If awarded funding, each business is responsible for managing its selected project, but the Foundation provides support in the form of toolkits and sharing of best practice. One of the key tools for measuring the impact of its community investments is the London Benchmarking Group model, which the company uses at a global level. Diageo is a founding member of the LBG and over the past ten years, it has accumulated a detailed knowledge of its spending in the community. It is able to use its LBG data to track the impacts of its investments so far, and compare programmes across markets.

There are two key challenges in managing community programmes – one is that they should be sustainable in the longer term once Diageo’s initial support has concluded. The second is in ensuring that where employees are directly involved in a community project, focus and effort are maintained. This requires careful management, since business commitments must always be the priority.

Independent external evaluation plays an essential role in assessing the effectiveness of Diageo’s approach to community involvement. An evaluation of the impact of flagship community programme Tomorrow’s People Trust, an organisation to tackle long-term unemployment, indicates that in twenty years the trust has helped 382,000 people into employment, with the benefits to society estimated at £450m. Diageo invested £25m in helping to grow the trust, which has now become a legally independent entity.

Diageo in dialogue

Community involvement is one way of building an interface with the outside world.
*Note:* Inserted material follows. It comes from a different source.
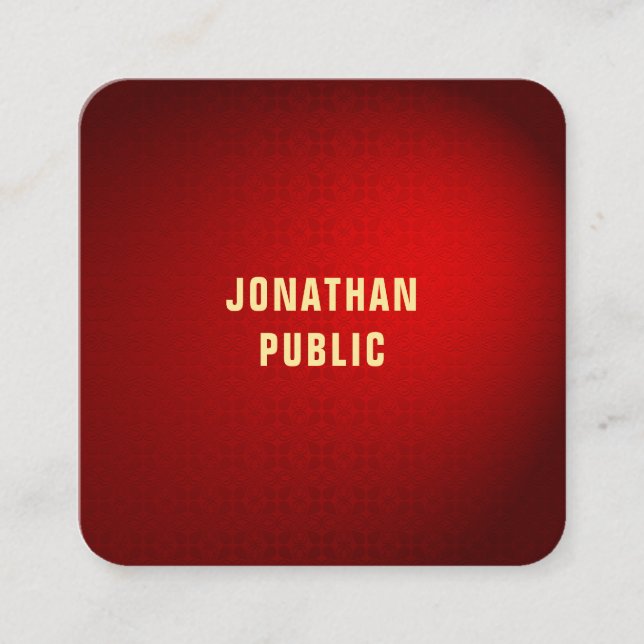 Professional Elegant Red Damask Gold Text Template Square Business Card (Front)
Thorough stakeholder engagement is another. Diageo’s key stakeholders are its investors, employees, commercial partners, government, community, the media and its brand consumers. All of Diageo’s markets are required not only to draw up plans to ensure appropriate engagement with these groups on specific issues, but also to report on these plans. The most important of these stakeholder engagement plans is, of course, on responsible drinking. According to Bush, one of the biggest difficulties in engaging with stakeholders is building genuine trust. “It takes time to build trust,” he says, “for stakeholders to trust that you will do what you say you will and that you are dealing with the issue in a proper balanced way.”
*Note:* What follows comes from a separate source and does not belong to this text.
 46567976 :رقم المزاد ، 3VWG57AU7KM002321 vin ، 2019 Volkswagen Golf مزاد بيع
Acting on stakeholder feedback is of prime importance to Diageo. When the company’s Australian CEO realised that the industry’s responsible drinking strategies were not considered to be a sufficient response to societal concerns, he took a 6-month sabbatical to try to rectify the situation. Consultation with governments and not-for-profits eventually led to Australia’s first National Alcohol Strategy, which was followed by the UK’s own alcohol strategy, launched by Prime Minister Tony Blair at Diageo’s London offices.

Its good to talk

Intimately linked to stakeholder engagement is reporting, one of the key tools used to communicate Diageo’s progress on CSR with a range of stakeholders. Following the publication of its first full ‘triple-bottom-line’ CSR report in 2003, Diageo brought together a forum of specialists in relevant aspects of corporate citizenship who it invited to challenge its reporting process. In its two most recent reports, Diageo used the indicators of the Global Reporting Initiative. “We continue to refine the range of measures we use to track our performance to provide shareholders with a meaningful picture of our business. Measuring performance is an essential part of improving it,” the company says.

Clearly this presents a range of challenges for a trans-national company, but Diageo reports that over the past year, it has made advances in “widening geographical coverage, in defining measures consistently and in accurately reporting performance data.” The company has now reported on, or is preparing to report on CSR in Australia, Canada, East Africa, Greece, Ireland, Jamaica, Korea, Nigeria, Poland, Scotland, Seychelles and Spain. By reporting at national, regional and global levels, Diageo is able to offer its stakeholders both a global perspective and to drill down to issues with local resonance.

Its global report is prepared in accordance with GRI guidelines, so that readers can track the company’s performance over time and make comparisons with similar companies. The company uses the London Benchmarking Group Model to report on community investment and is currently engaged in an ICAP-mediated process to agree on common standards of reporting on the social aspects of alcohol, which will make company comparisons easier in the future.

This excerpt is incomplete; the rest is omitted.